One.put(editable) // also updates item2 reference to item
let result = One.get(2)
console.log(JSON.stringify(result.item)) // {uid:1, text:"test"}
For existing code bases the name of the uid
property can be configured via a config object passed as a second argument to the .getCache()
method. In order for this to work correctly the values held by the configured property must be unique across all instances.
const one = One.getCache('test', { uidName:'id' })
const item = { id:'unique_id_value' }
one.put(item)
one.get('unique_id_value') !== undefined // true (works)
More an more applications are giving users the ability to edit data in the browser. With a normalized data model various instances of an entity can exist at the same time in different locations. This depends on how data is received from the server and added to the local model / store.
This is inconvenient because:
- Keeping all the instances in sync can be a daunting task.
- It can make debugging hard.
- It requires tracking each instance and makes reasoning about data complicated.
- It can make the application structure needlessly complex.

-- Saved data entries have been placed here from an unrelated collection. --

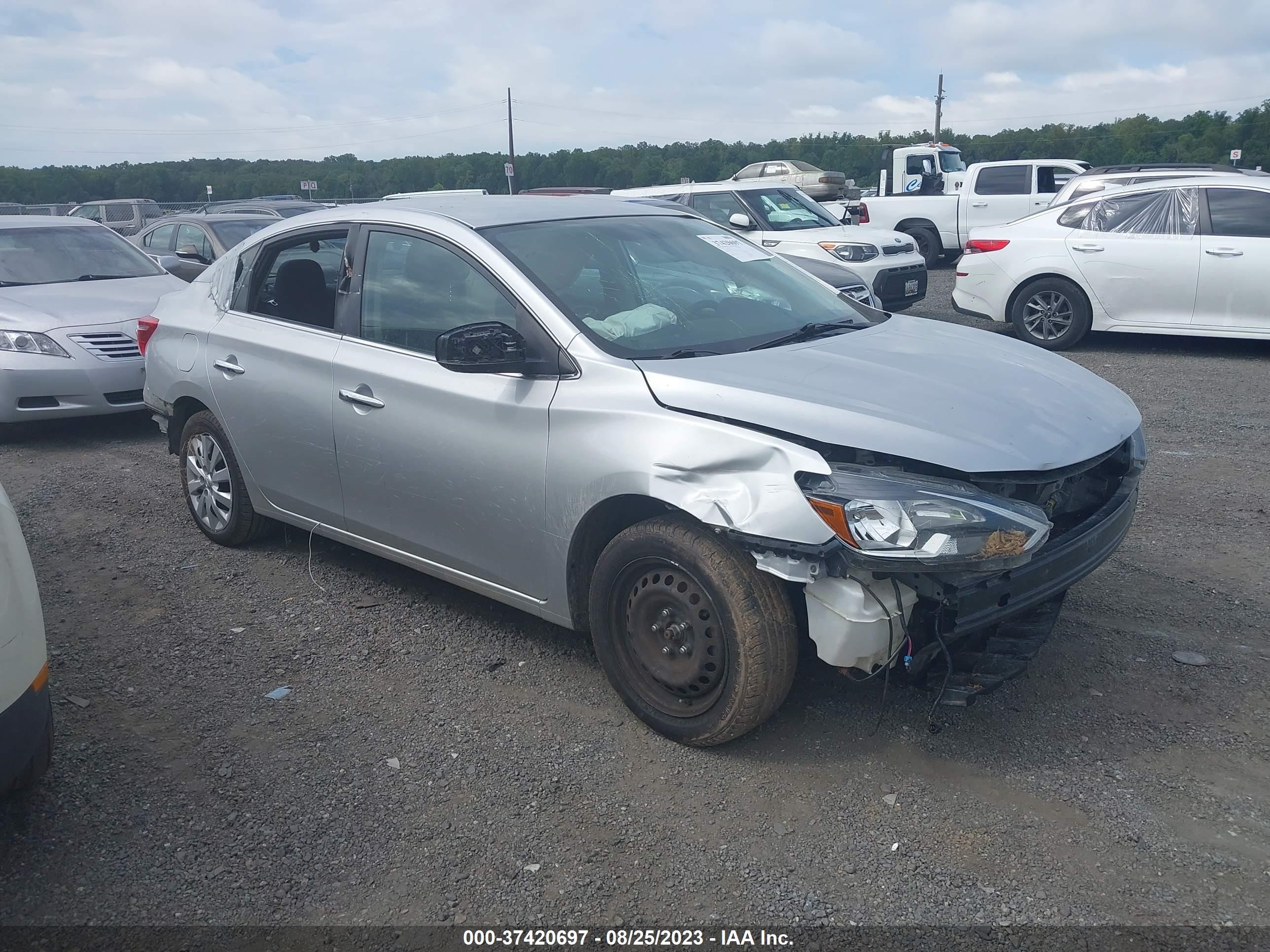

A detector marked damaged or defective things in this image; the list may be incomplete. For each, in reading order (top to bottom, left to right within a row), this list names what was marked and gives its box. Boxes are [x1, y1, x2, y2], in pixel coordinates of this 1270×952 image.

dented quarter panel [541, 342, 838, 627]
damaged front end of car [731, 429, 1148, 706]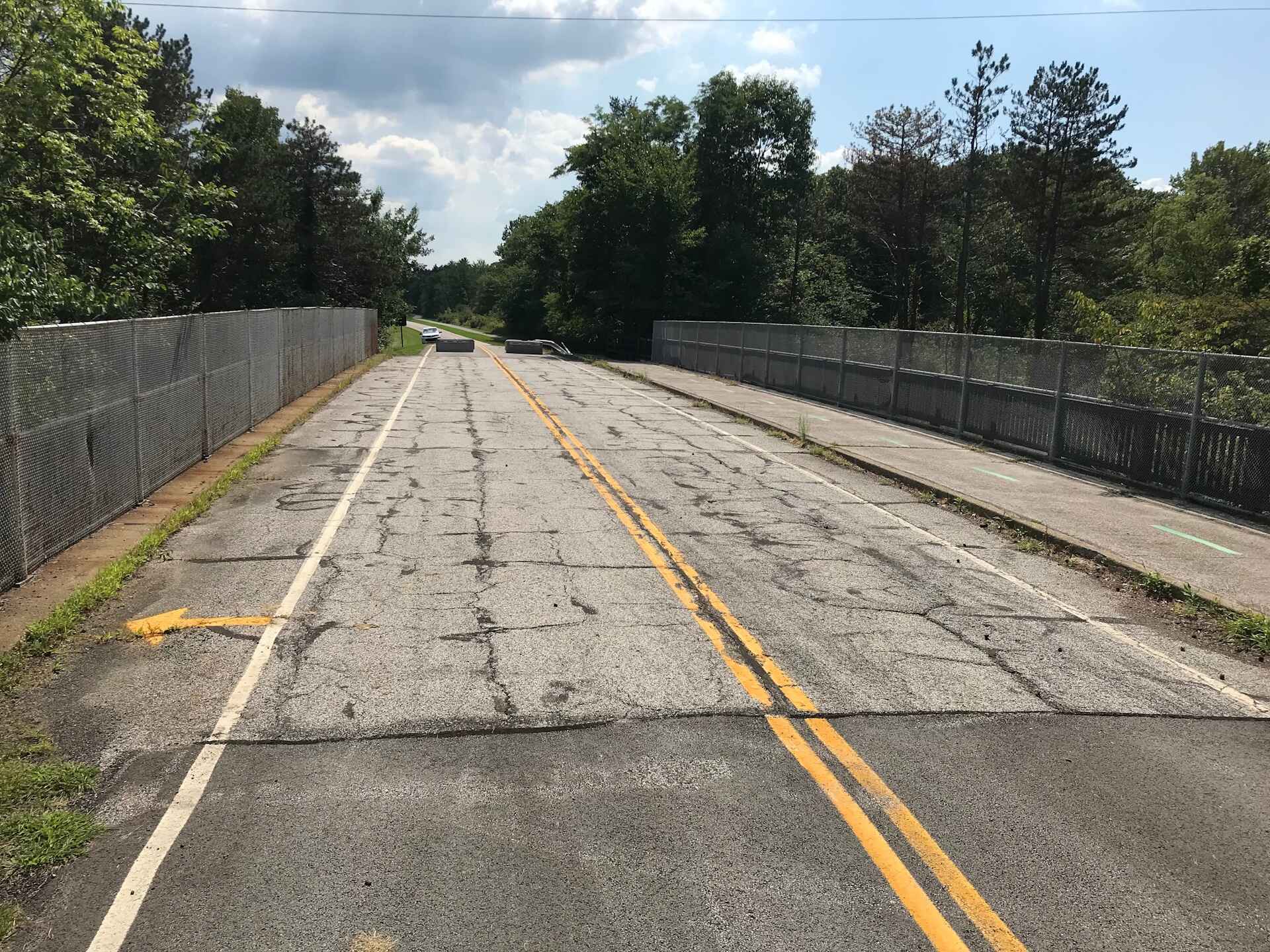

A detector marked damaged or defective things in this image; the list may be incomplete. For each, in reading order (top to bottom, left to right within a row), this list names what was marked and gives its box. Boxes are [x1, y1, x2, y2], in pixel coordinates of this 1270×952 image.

cracked asphalt [22, 344, 1270, 952]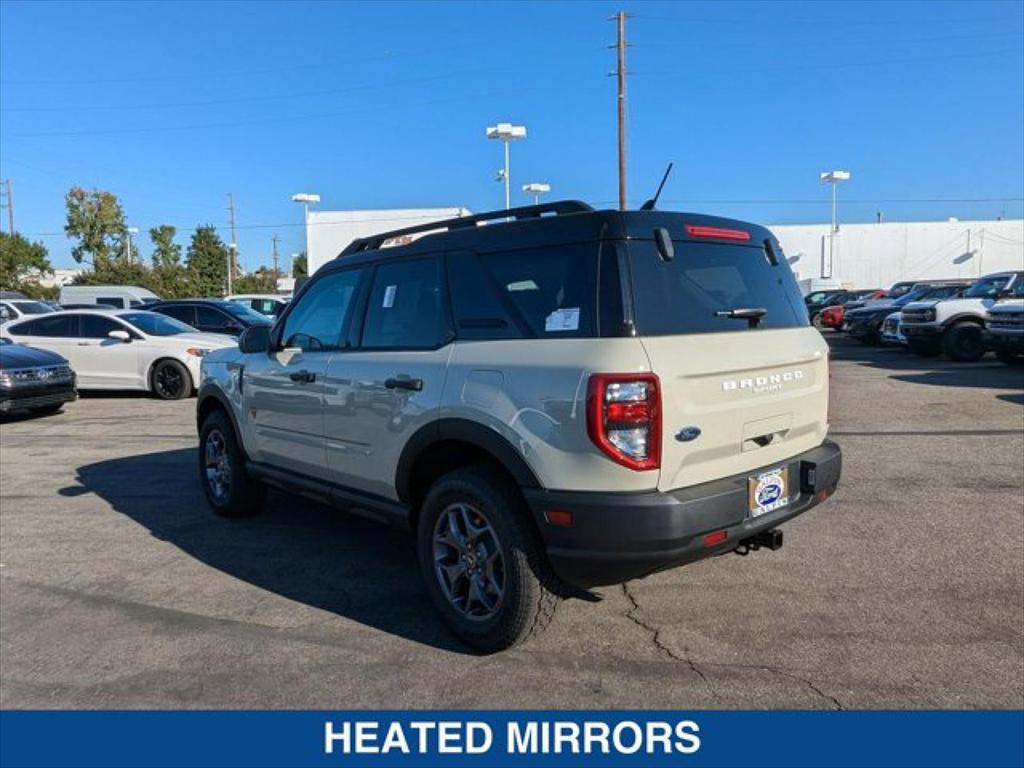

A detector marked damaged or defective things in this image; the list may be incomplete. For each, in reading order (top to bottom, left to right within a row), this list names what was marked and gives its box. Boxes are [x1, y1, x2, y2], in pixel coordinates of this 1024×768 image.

crack in pavement [622, 581, 712, 696]
crack in pavement [618, 585, 843, 712]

Redux brings a great breakthrough by putting the entire application state in one place and mutating it only via dispatched actions. But it doesn't enforce entity uniqueness. One
aims to take the concept a step further by making each entity unique and immutable in a single store (cache).

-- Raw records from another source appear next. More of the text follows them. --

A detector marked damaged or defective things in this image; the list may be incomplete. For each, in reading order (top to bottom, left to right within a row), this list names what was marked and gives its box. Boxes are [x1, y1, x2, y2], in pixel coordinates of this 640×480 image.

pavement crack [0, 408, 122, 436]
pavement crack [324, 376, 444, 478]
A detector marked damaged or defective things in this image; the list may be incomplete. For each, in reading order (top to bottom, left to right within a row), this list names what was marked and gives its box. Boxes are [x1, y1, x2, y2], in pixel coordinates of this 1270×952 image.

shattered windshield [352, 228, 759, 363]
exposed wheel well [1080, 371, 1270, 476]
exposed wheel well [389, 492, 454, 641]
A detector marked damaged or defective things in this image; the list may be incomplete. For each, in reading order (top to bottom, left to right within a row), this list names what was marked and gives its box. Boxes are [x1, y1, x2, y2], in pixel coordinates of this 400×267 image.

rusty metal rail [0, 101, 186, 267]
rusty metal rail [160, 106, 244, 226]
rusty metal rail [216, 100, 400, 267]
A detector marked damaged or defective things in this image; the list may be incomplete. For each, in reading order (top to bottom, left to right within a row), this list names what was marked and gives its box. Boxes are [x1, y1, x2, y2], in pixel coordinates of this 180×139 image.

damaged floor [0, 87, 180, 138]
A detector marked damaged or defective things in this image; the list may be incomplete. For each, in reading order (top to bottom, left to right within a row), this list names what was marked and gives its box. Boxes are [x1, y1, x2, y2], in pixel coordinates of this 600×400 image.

- Read optimized: Yes there is a performance cost in analyzing each entity deeply to track its dependencies.
One
mitigates this by being read optimized. The penalty is incurred on write operations only. These happen a lot less frequently than read ops. Read ops are super fast (a simple key lookup). - Trie structures: Data is stored in a trie like structure. This way all entities are referenced (not copied) and minimal changes are performed on every put or getEdit operation.
This is not currently designed to work with cyclical data. It is best for non-cyclical objects received from the server in the form of json (or other non-cyclical fomats). It might happen later if there's a need.